Sanitizing HTML

skx has asked for the wisdom of the Perl Monks concerning the following question:

As part of a online forum I'm setting up I need to display user submitted content, which is stored in a database and then displayed.

Because the site uses cookies for authentification, and as a general preventative measure I wish to strip out dangerous tags, javascript, images etc.

I think that I would be safe just leaving a minimal subset of HTML, such as the following tags P, B, I, A (with only a subset of attributes, HREF and TITLE for example).

I realise that a regular expression approach is unlikely to be workable, so my two choices seem to be HTML::Sanitizer and HTML::Scrubber. Both of these will do the job, without too much effort. (I'm still suprised this isn't done here on the home nodes, maybe its a hard thing to do efficiently? Either that or its not yet been considered important enough)

As they do a real parse of the HTML they rely upon the various parsing modules, HTML::Tree and HTML::Parser respectively.

Is there another approach I'm missing, with less dependencies? Or a simpler system I could use instead?

Whilst I can use either of the two packages above I'm keen on using something that's less hungry - so that I can keep it upto date on my Debian Stable webhost.

Steve
---
steve.org.uk

Comment on Sanitizing HTML

Replies are listed 'Best First'.
Re: Sanitizing HTML by simon.proctor (Vicar) on Sep 29, 2004 at 13:37 UTC
Some forums don't allow any HTML but then use tags based on square brackets - much like the node linking mechanism used here. Perhaps this would provide an easier approach as you can strip out all HTML very easily by encoding everything you get. Picking what you want to allow is as simple as doing something like: `[b][/b] [i][/i] [link target=""]link text[/link]` [download] Of course that can add just as much complexity when it comes to testing for nesting, unclosed tags (etc).

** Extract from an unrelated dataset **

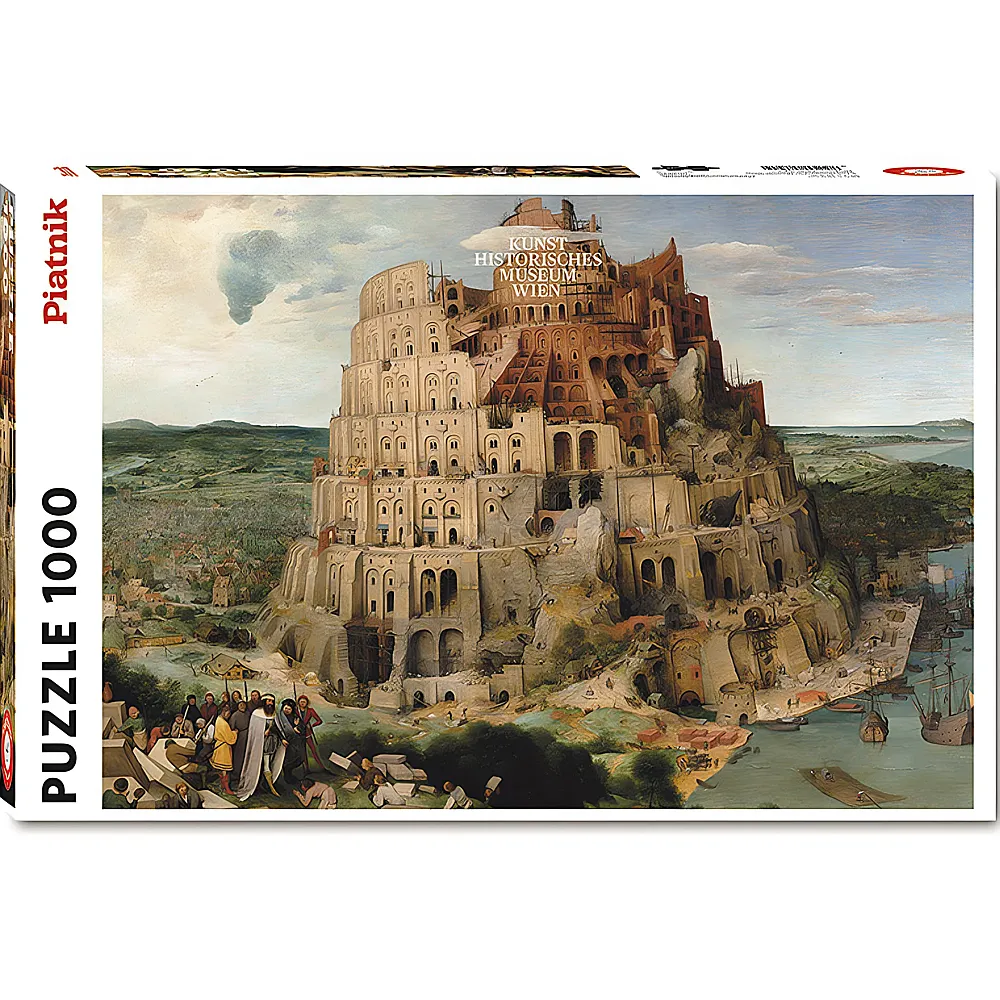 Piatnik Puzzle Pieter Bruegel Turm vom Babel 1000Teile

But I know of a few forums that still stick with this approach. Take a look at some of the open source ones and see how they tackle this problem (phbb comes to mind). As always YMMV. Parsing and stripping HTML is not a small task but HTML::Parser does it very well so using something based on that shouldn't present a problem.	[reply] [d/l]
Re: Sanitizing HTML by gellyfish (Monsignor) on Sep 29, 2004 at 13:57 UTC
YOu might be interested to look at the whitelist based HTML stripper that we use in the NMS guestbook - you can download the program from http://nms-cgi.sf.net/scripts.shtml. /J\	[reply]
Re: Sanitizing HTML by dragonchild (Archbishop) on Sep 29, 2004 at 13:31 UTC
You want to do the following: Parse a complex data structure Strip out the vast majority of it Do this with a minimum of resource utilization In other words, you sound like my VP when we bring him options. "I want option A's features, option B's schedule, and option C's cost using the development staff needed for option D." This isn't an alacarte menu. If you want to tow a boat, you're not going to use a Pinto. In other words, use the right tool for the job. Worry about optimization later, if ever. Being right, does not endow the right to be rude; politeness costs nothing. Being unknowing, is not the same as being stupid. Expressing a contrary opinion, whether to the individual or the group, is more often a sign of deeper thought than of cantankerous belligerence. Do not mistake your goals as the only goals; your opinion as the only opinion; your confidence as correctness. Saying you know better is not the same as explaining you know better. I shouldn't have to say this, but any code, unless otherwise stated, is untested	[reply]
Re^2: Sanitizing HTML by JediWizard (Deacon) on Sep 29, 2004 at 13:47 UTC
Don't you just love managment? You're description of your VP just reminds me of this. May the Force be with you	[reply]
Re^2: Sanitizing HTML by skx (Parson) on Sep 29, 2004 at 13:37 UTC
It's not so much the efficiency I care about as the need to use two modules outside the Debian package repository as apposed to one that I might not have seen. If this is the route I have to go, fine, if there is something more self-contained and easy to use then I'd appreciate knowing about it. Steve --- steve.org.uk	[reply]
Re: Sanitizing HTML by pingo (Hermit) on Sep 29, 2004 at 15:54 UTC
I would suggest you take a look at HTML::TreeBuilder. It does a fine job of fixing broken HTML, and it is quite easy to remove tags that you do not want to allow (using find()). If the HTML is just a snippet (not a complete document with html and body tags), it will add the necessary tags, but one can always use disembowel() to get rid of that. :-)	[reply]
Re: Sanitizing HTML by ccn (Vicar) on Sep 29, 2004 at 13:39 UTC
~~Since HTML::Parser and HTML::Tree are core modules, the dependencies is not a trouble~~. Update: I forgot how I installed it :( They are not core, sorry imho, efficiency does'n matter because submitting a forum message doesn't happen very often	[reply]
•Re^2: Sanitizing HTML by merlyn (Sage) on Sep 29, 2004 at 16:05 UTC
Since HTML::Parser and HTML::Tree are core modules Whuh? Since when? Not in 5.8.5-to-be, and no release prior to that either. Maybe you're thinking of CGI.pm, which was made core many years ago. But nothing in Gisle Aas's realm is core. -- Randal L. Schwartz, Perl hacker Be sure to read my standard disclaimer if this is a reply.	[reply]
Re^3: Sanitizing HTML by helgi (Hermit) on Oct 07, 2004 at 12:49 UTC
They are core in Activestate Perl, which is perhaps what causes his confusion. Good for Activestate! -- Regards, Helgi Briem hbriem AT simnet DOT is	[reply]
Re: Sanitizing HTML by Anonymous Monk on Sep 30, 2004 at 09:24 UTC
Re: Proper nesting of HTML to be enforced (the code)	[reply]